Design Thinking is — in my experience — the best way to quickly engage large groups of people in order to understand the kinds of problems that need to be solved. The framework, while not perfect, certainly allows its user to think more holistically about a problem by making sure as many voices are brought into the process as possible.
This runs counter to how we oftentimes think about problems and solutions. Americans in particular believe in the myth of the solo inventor, laboring in a garage, sussing out a problem that nobody had ever encountered before and developing a solution unique to the planet. But, of course, this is just a mythology. Innovation is incrementally-based, and design thinking is a toolset that allows that people to speed up the process of developing new ideas.
I picked up The Art of Innovation: Lessons in Creativity from Ideo, America’s Leading Design Firm after finishing Change by Design: How Design Thinking Transforms Organizations and Inspires Innovation, which is a more holistic look at how design thinking works.

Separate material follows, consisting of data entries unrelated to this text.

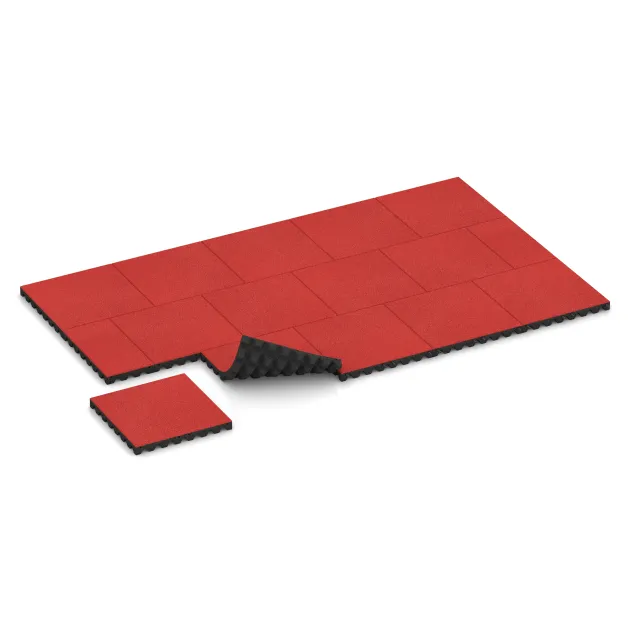 Typische Verlegung oder Einbausituation für den Artikel 5572 von WARCO - Mata bezpieczeństwa na plac zabaw 5 cm - EN 1177 ≤ 145 cm, Farbton Ciemny róż in der Abmessung 500 x 500 x 50 mm.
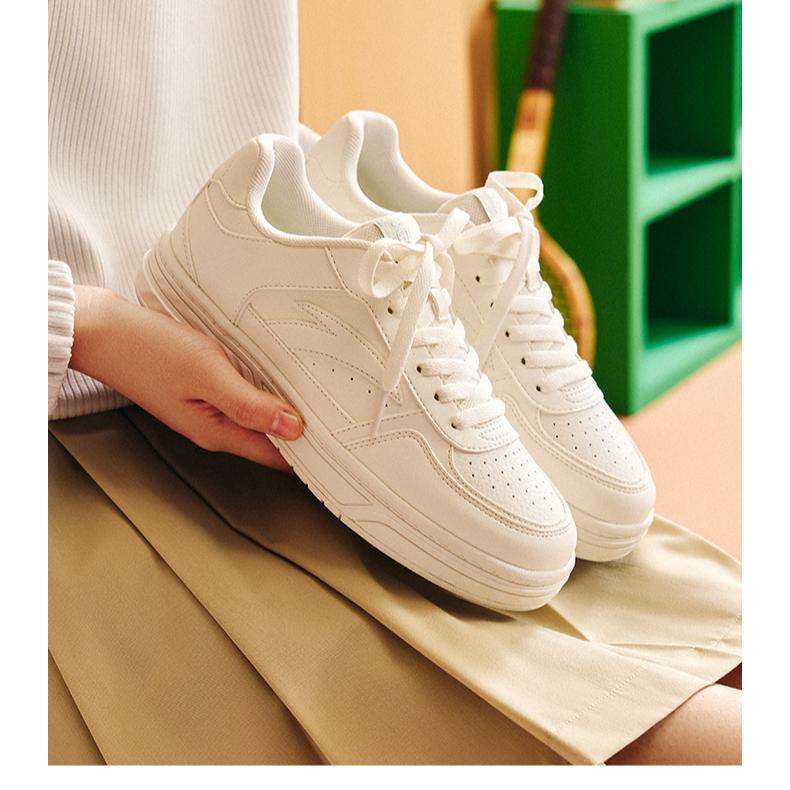 Anta Baichuan Zapatillas de Moda Cómodas Antideslizantes Absorbentes de Impactos Resistentes al Desgaste de Caña Baja Zapatillas de Mujer Blanco Marfil 122538010-5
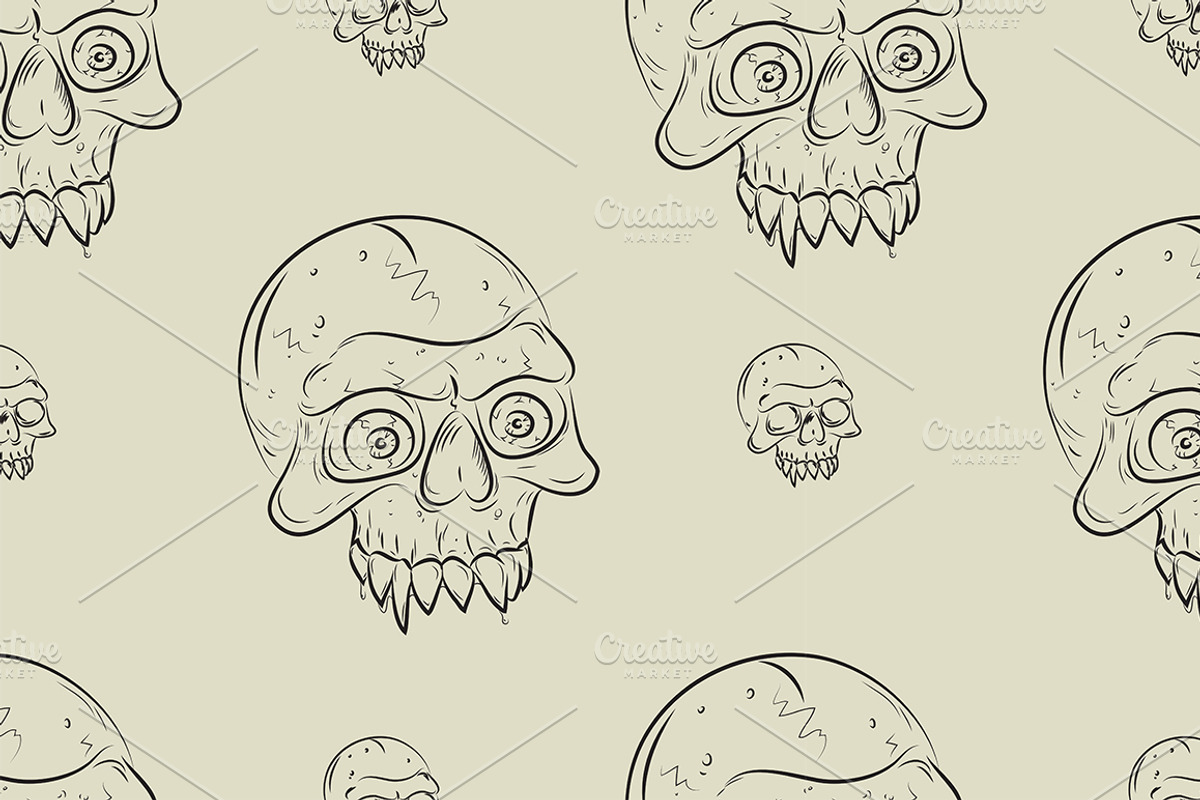 Skull set. Seamless patterns. preview 8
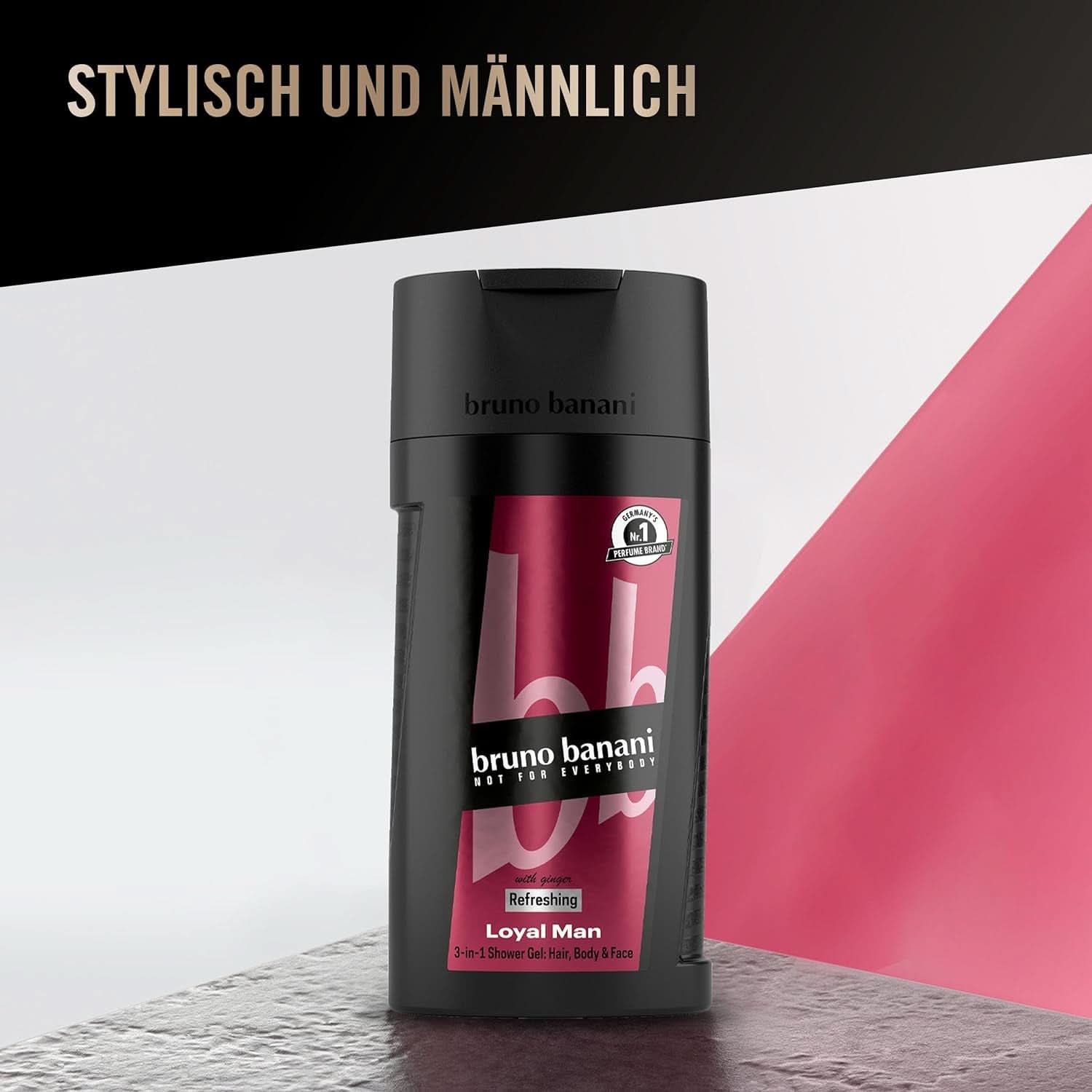 Bruno Banani Loyal Man 3 i 1 shower gel til krop, hår og ansigt, mænd, 250 ml Brusebad og bad Naty Shop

And Tom Kelley’s book was the perfect next read. Kelley breaks down some of the core components of design thinking, uses practical examples to explain how these processes can be used to identify problems and build solutions, and wraps that around the context of business. While design thinking isn’t confined to business — I used it when I was an associate professor, and I used it while running a writing collective — its application in corporate realms help illuminate how the process can work.
If you’ve ever wondered how to engage groups (large or small) in order to find out how they feel, understand a problem, or develop solutions that have buy-in from a large constituency, this (and Change by Design) are worth reading.